As much as I love writing and reading, I don’t read as much as I wish I did. I have a full-time job and I have responsibilities and after a long day of writing stuff for people, sitting down to read abstract poetry and decipher it is not always what I have the attention span for. But to listen to a track? Sure. I can sit back and close my eyes and listen to that.
It was more about trying to open up the story and the writing in a modern way that would create new opportunities and ways to experience it. It was not strategic in the sense that “no one’s down this.” And I think it’s been done plenty. I just don’t think it’s a particularly easy way to record stuff and make stuff fit together. It’s a lot of effort for a really hyper niche audience. You can say that you recorded a track and say that it’s kind of spoken word and people will check it out but if you say that you recorded a spoken word track, people will say “turn it off.”
Did you record your part and hand it off to the musicians and let them do what they wanted with the music?
NOAH: When I partnered with people on it, I purposely told them that I wasn’t going to direct them. I focused on writing the piece and I will read the piece, but I want their music interpretation of the piece and then when I handed that off to the film persons, I said the same thing. I said, “I’m not going to tell you want to put in the film. You make the film based on this audio track and then just send it to me when it’s done.” I gave no feedback to anyone on anything.
Really what I wanted was everybody who worked on it to feel ownership of their piece. I didn’t want anyone to feel like they were working for me on my project. Shelby, who did the “Groundwater” video, he drew all those pictures, he did the audio score, he got the voiceover read, he came up with the concept. Then when it was done, he took it to three festivals and he won an award for it. It’s his film, it’s just my poem and my narration. That’s what I wanted. I wanted that to be the case, I didn’t want a bunch of hired guns in to execute things. I wanted people who felt excited about the material. That’s the one thing that was important to me.
When Alan Forbes did the cover, he was excited. He was excited to draw it, that’s his concept. I didn’t tell him what to do. And then my wife laid out the book. She’s a great designer so she took that artwork and put it into a layout and design. I gave each person room. I worked with the people I wanted to work with and I tried not to get in their way.
Is there live element to what you do? Any plans to read these poems in a live setting with a backing band?

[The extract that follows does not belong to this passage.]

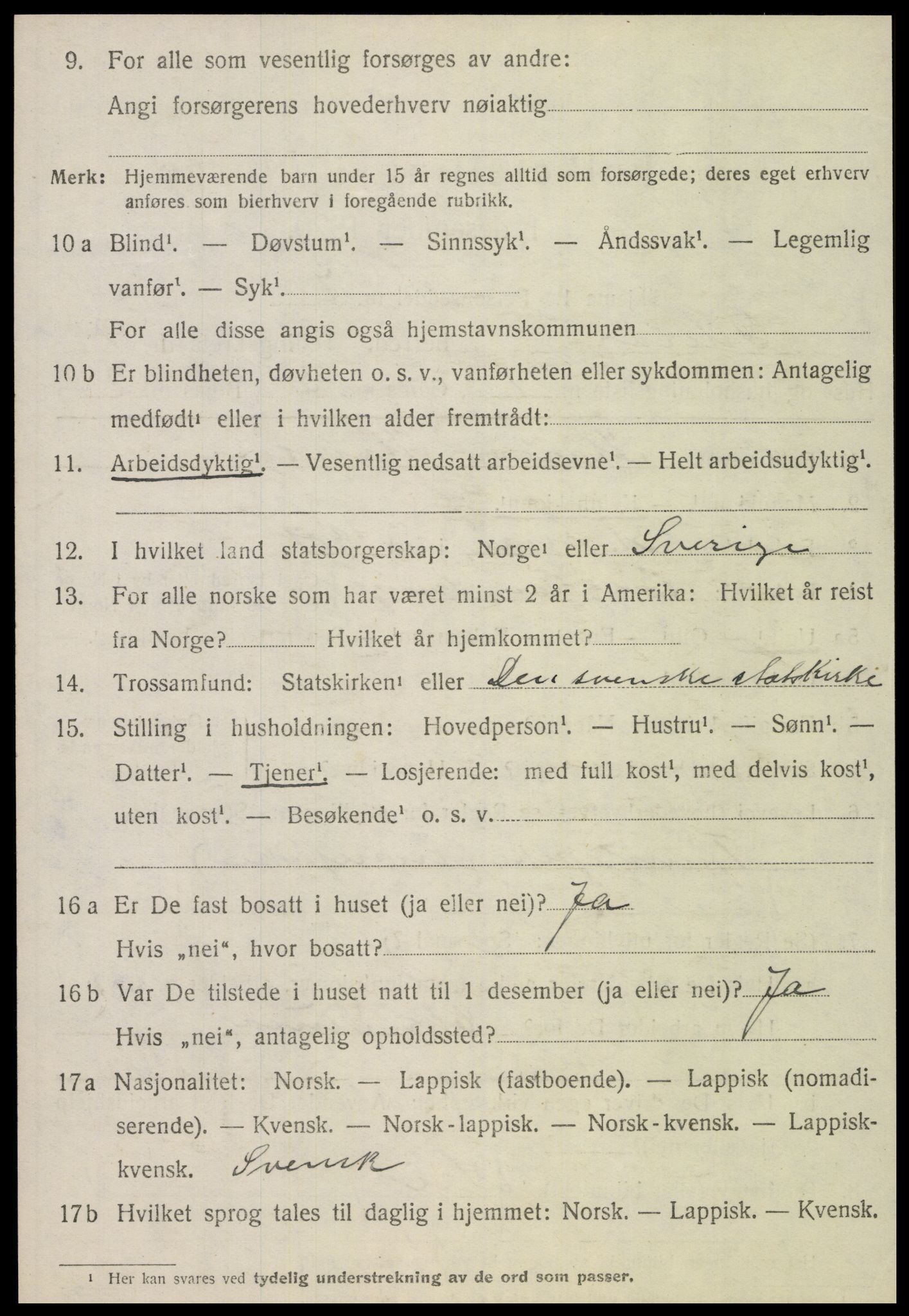 SAT, 1920 census for Otterøy, 1920, p. 3314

NOAH: No, god, I hope not. I play guitar for some bands and I do some stuff that way, so the writing, as a performative thing, I don’t really have much ambition there. There’s certainly been discussion of doing things from time to time but it would really have to be a very specific opportunity with a controlled environment to even try it. Just the logistics of trying to perform poems is a lot, that’s a lot to deal with. And I play music, so I’m not really jonesing for the stage time or for the public interaction that way. I would love to do more readings, more in-store book readings and things that are geared around the writing, I don’t have too much ambition to consistently blur the line. I tend to enjoy being the writer or being the musician. Trying to bridge that gap in a live setting is a bit much. But, I never say never. If it was something cool, like if Patti Smith reads this and she wants me to come open a show, I’m not going to say no.